It is likely that the racial disparities in prison sentences in Florida begin with prosecutors’ choices about what to leverage, and for whom, in their plea negotiations.

DAN WAGNER | Sarasota Herald-Tribune

It is likely that the racial disparities in prison sentences in Florida begin with prosecutors’ choices about what to leverage, and for whom, in their plea negotiations.

In response to allegations of racial bias in sentencing, bills recently introduced by two Florida legislators would require the state to begin gathering data on criminal sentences handed down by judges. The bills come after a Sarasota Herald-Tribune investigation published earlier this year that analyzed data from the state court and corrections system from 2004-15.

The Herald-Tribune report found that when black defendants received the same sentencing guidelines "score" as white defendants, they were sentenced to longer terms in prison. The "judicial accountability" bills would allow evidence of racial disparity in sentencing to disqualify a judge from cases involving members of that demographic group.

As someone who has spent 10 years studying criminal justice policy and incarceration growth in Florida, I applaud legislators who support better public access to criminal justice data. However, the sponsors of the judicial accountability bills and Herald-Tribune reporters have erroneously placed the blame for sentencing disparities on judges, while staying eerily quiet on the role of prosecutors. If we want to understand who goes to prison and for how long, we need to start looking at the choices of prosecutors.

In fact, Florida state attorneys designed Florida's current sentencing structure in order to increase their ability to treat some people more harshly than others. Florida first implemented sentencing guidelines in 1983 in order to reduce the prison population. Legislators hoped sentencing guidelines would limit who could be sent to prison, reserving prison space for violent offenders and reducing time served.

As I explain in my forthcoming book, Building the Prison State: Race and the Politics of Mass Incarceration, Florida's state attorneys never liked the sentencing guidelines, which they claimed restricted their discretion and ability to plea bargain with defendants. When Republicans gained power in the state Legislature in 1997, the Prosecuting Attorneys Association saw an opportunity to reshape Florida's sentencing structure.

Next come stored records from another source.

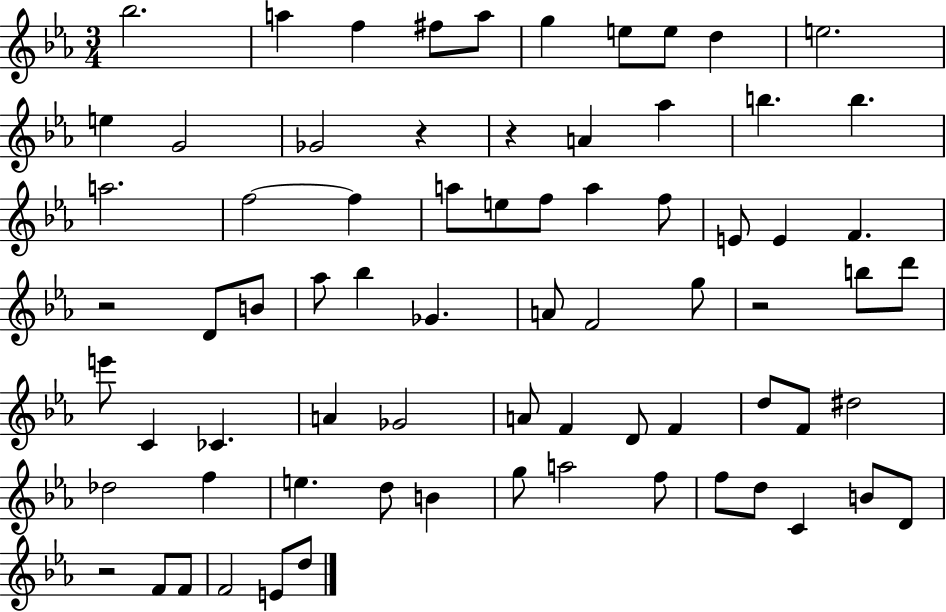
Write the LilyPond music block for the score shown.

{
  \clef treble
  \numericTimeSignature
  \time 3/4
  \key ees \major
  \repeat volta 2 { bes''2. | a''4 f''4 fis''8 a''8 | g''4 e''8 e''8 d''4 | e''2. | \break e''4 g'2 | ges'2 r4 | r4 a'4 aes''4 | b''4. b''4. | \break a''2. | f''2~~ f''4 | a''8 e''8 f''8 a''4 f''8 | e'8 e'4 f'4. | \break r2 d'8 b'8 | aes''8 bes''4 ges'4. | a'8 f'2 g''8 | r2 b''8 d'''8 | \break e'''8 c'4 ces'4. | a'4 ges'2 | a'8 f'4 d'8 f'4 | d''8 f'8 dis''2 | \break des''2 f''4 | e''4. d''8 b'4 | g''8 a''2 f''8 | f''8 d''8 c'4 b'8 d'8 | \break r2 f'8 f'8 | f'2 e'8 d''8 | } \bar "|."
}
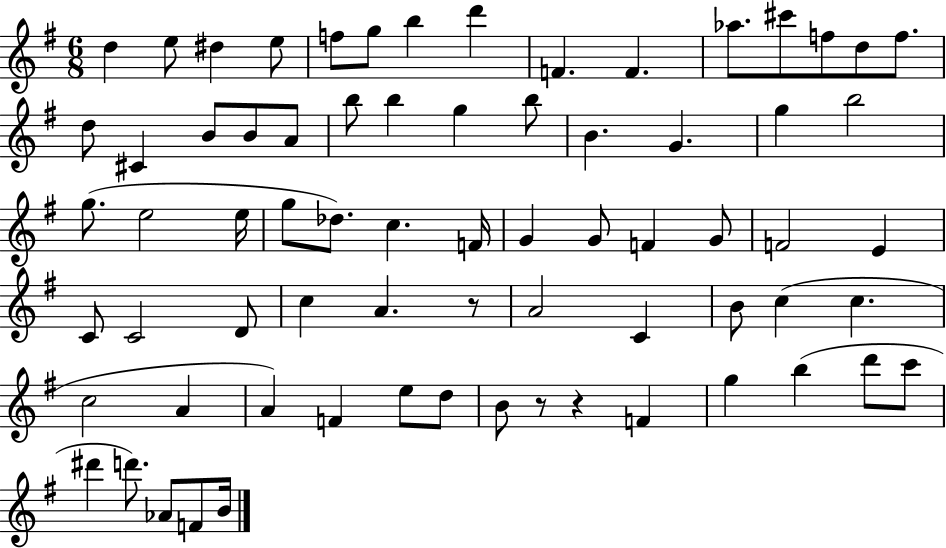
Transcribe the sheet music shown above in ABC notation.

X:1
T:Untitled
M:6/8
L:1/4
K:G
d e/2 ^d e/2 f/2 g/2 b d' F F _a/2 ^c'/2 f/2 d/2 f/2 d/2 ^C B/2 B/2 A/2 b/2 b g b/2 B G g b2 g/2 e2 e/4 g/2 _d/2 c F/4 G G/2 F G/2 F2 E C/2 C2 D/2 c A z/2 A2 C B/2 c c c2 A A F e/2 d/2 B/2 z/2 z F g b d'/2 c'/2 ^d' d'/2 _A/2 F/2 B/4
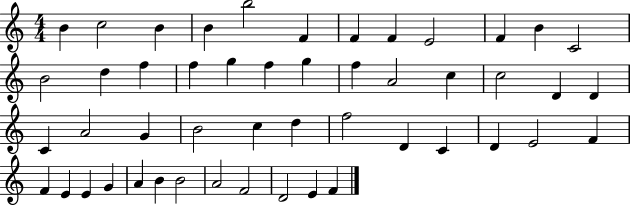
{
  \clef treble
  \numericTimeSignature
  \time 4/4
  \key c \major
  b'4 c''2 b'4 | b'4 b''2 f'4 | f'4 f'4 e'2 | f'4 b'4 c'2 | \break b'2 d''4 f''4 | f''4 g''4 f''4 g''4 | f''4 a'2 c''4 | c''2 d'4 d'4 | \break c'4 a'2 g'4 | b'2 c''4 d''4 | f''2 d'4 c'4 | d'4 e'2 f'4 | \break f'4 e'4 e'4 g'4 | a'4 b'4 b'2 | a'2 f'2 | d'2 e'4 f'4 | \break \bar "|."
}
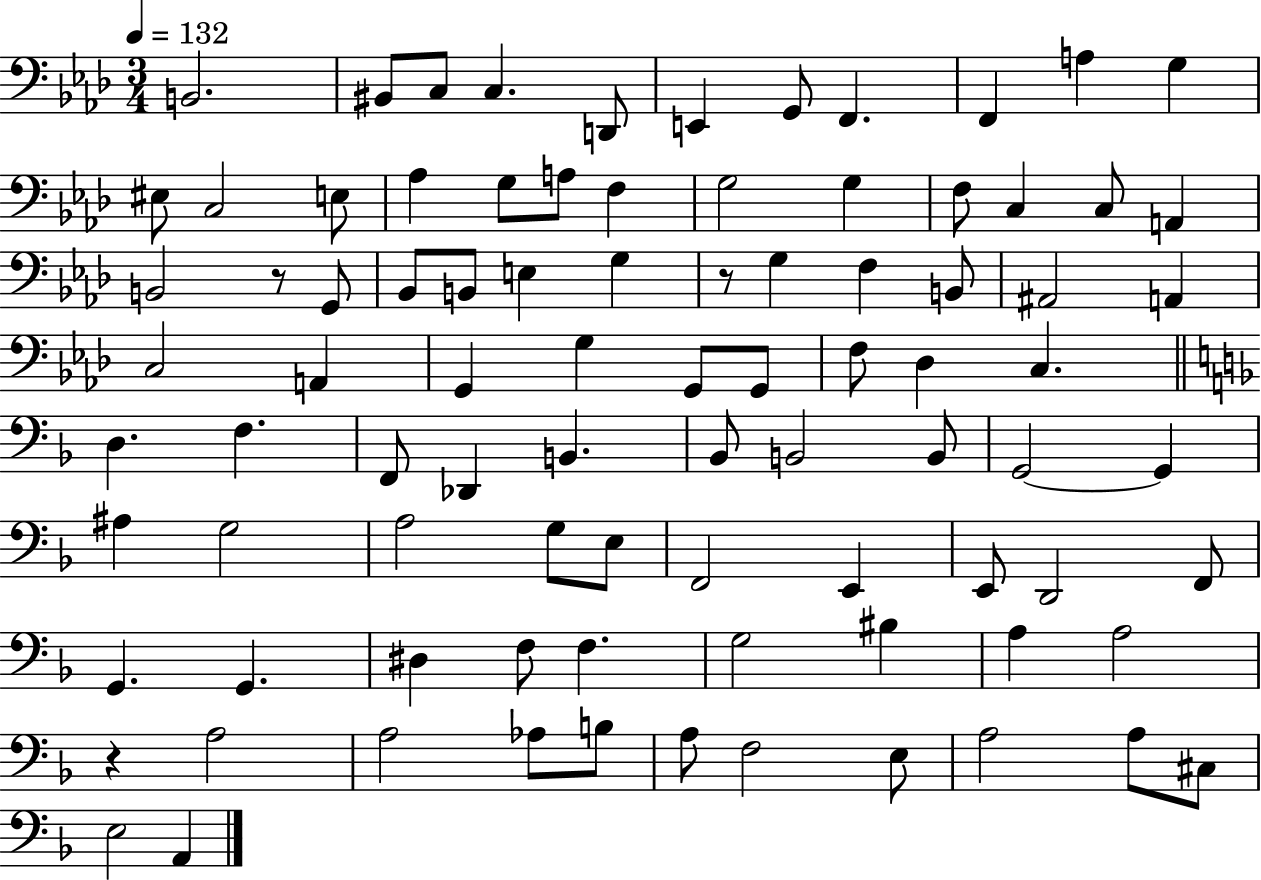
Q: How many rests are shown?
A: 3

Their proposal allowed judges to impose the statutory maximum penalty for any felony. In addition, it created a "floor" (or minimum number of guideline points) under which a judge could not impose a non-prison sentence without written reasons. When defense attorneys pointed out that this would allow a judge in Pensacola to punish the same crime differently than a judge in Miami, legislators said that was okay by them.

Black legislators also raised the concern that the new "Criminal Punishment Code" would lead to racial disparity. Unable to stop the core changes to the sentencing structure, they insisted that the law require judges to continue to use sentencing scorecards in order to provide some means of assessing and comparing sentences across region, race and other factors. Yet the 1997 law also gutted the Sentencing Guidelines Commission — the one agency with a mandate to analyze the data.

Twenty years later, it took a newspaper to finally analyze the scorecard data. Granted, the scorecards reveal some devastating stories of black defendants who served years in prison while their white counterparts received probation. What the scorecards don't reveal are prosecutors' charging decisions and plea bargaining practices.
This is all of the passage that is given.